6. Clinical Public Health Division, Dalla Lana School of Public Health, Toronto, Canada

7. Faculty of Humanities, Arts, Social Sciences and Education, University of New England, Armidale, NSW, Australia

Abstract

In this article, we analyse interview data on how alcohol policy stakeholders in Australia, Canada and Sweden understand the relationship between men, masculinities, alcohol and violence. Using influential feminist scholarship on public policy and liberal political theory to analyse interviews with 42 alcohol policy stakeholders, we argue that while these stakeholders view men’s violence as a key issue for intervention, masculinities are backgrounded in proposed responses and men positioned as unamenable to intervention.
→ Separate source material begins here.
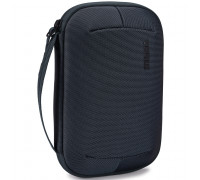 Органайзер для электроники THULE 3205041 Subterra 2 Powershuttle, Medium, Dark Slate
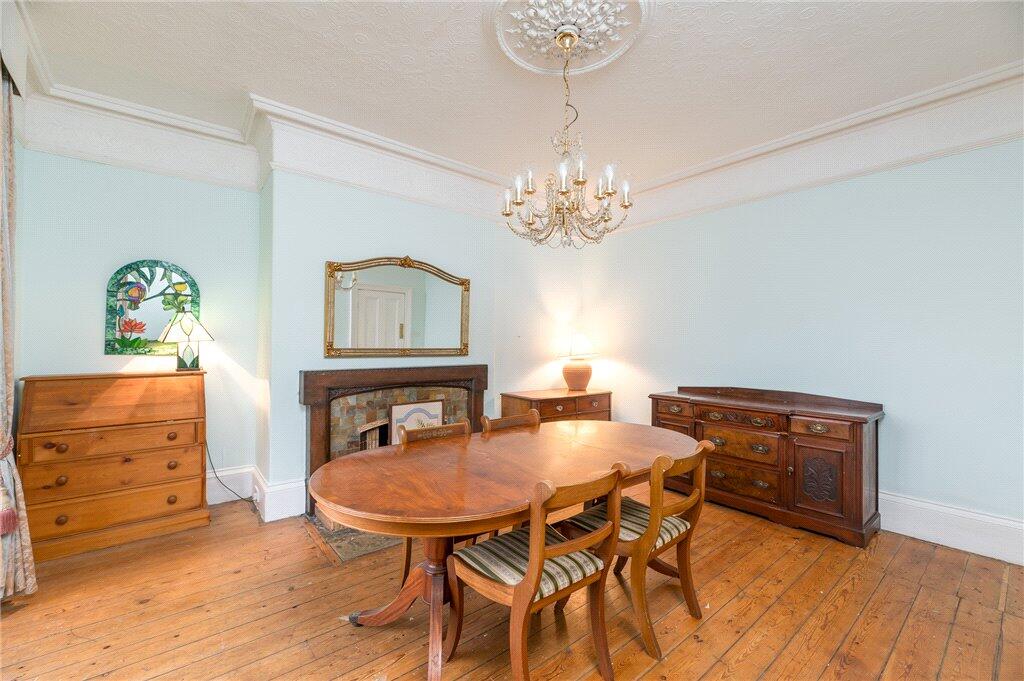 Additional image 12 of West End, Queensbury, Bradford, West Yorkshire, BD13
Instead, policy stakeholders prioritise generic interventions understood to protect all from the harms of men’s drinking and violence without marking men for special attention. Shared across the data is a prioritisation of interventions that focus on harms recognised as relating to men’s drinking but apply equally to all people and, as such, avoid naming men and masculinities as central to alcohol-related violence. We argue that this process works to background the role of masculinities in violence, leaving men unmarked and many possible targeted responses unthinkable.

Funder

Australian Research Council

Publisher

SAGE Publications

Subject

Public Health, Environmental and Occupational Health

Reference55 articles.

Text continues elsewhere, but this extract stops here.